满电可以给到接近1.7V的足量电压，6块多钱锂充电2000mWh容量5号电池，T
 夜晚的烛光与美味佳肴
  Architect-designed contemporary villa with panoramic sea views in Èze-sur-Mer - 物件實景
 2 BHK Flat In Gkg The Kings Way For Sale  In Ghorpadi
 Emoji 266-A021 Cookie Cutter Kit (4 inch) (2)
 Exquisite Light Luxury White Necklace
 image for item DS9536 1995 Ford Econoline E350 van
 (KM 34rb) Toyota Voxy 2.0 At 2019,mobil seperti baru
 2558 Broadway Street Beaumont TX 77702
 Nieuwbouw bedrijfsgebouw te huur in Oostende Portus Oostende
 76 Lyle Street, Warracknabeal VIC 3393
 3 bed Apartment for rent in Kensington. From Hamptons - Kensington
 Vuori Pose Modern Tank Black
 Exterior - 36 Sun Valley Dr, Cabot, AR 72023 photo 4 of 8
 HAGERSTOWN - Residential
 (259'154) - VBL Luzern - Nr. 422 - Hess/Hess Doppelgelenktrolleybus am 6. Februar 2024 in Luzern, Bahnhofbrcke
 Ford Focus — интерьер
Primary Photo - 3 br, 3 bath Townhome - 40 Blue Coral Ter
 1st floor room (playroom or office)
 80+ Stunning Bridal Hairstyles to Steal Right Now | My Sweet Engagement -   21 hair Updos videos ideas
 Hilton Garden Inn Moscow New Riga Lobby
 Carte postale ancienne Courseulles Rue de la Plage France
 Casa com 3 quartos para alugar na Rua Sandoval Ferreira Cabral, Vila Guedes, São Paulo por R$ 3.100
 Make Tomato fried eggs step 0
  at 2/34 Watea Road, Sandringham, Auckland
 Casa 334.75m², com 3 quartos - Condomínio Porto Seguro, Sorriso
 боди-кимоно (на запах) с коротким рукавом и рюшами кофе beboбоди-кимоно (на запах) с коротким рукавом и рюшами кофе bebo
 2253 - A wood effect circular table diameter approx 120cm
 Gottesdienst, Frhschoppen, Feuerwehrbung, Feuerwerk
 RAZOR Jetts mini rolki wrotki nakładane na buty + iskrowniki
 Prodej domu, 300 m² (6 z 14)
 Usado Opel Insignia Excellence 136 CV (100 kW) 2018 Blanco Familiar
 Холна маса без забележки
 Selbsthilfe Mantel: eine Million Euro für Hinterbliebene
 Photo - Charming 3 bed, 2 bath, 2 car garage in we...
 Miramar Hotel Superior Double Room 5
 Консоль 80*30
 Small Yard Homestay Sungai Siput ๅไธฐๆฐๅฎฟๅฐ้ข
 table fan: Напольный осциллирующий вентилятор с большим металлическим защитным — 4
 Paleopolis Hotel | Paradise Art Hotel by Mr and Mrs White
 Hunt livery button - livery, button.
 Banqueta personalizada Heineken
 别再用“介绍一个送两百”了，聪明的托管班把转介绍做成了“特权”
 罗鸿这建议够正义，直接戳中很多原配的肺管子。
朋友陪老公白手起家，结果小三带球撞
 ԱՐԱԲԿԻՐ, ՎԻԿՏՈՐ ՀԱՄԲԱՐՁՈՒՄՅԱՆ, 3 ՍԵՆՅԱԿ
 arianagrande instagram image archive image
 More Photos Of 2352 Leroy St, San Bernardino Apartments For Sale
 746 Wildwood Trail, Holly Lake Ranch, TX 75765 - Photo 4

---*---

Assignment: From the listing above, copy every line that holds the string "Sale".

Final answer:
 2 BHK Flat In Gkg The Kings Way For Sale  In Ghorpadi
 More Photos Of 2352 Leroy St, San Bernardino Apartments For Sale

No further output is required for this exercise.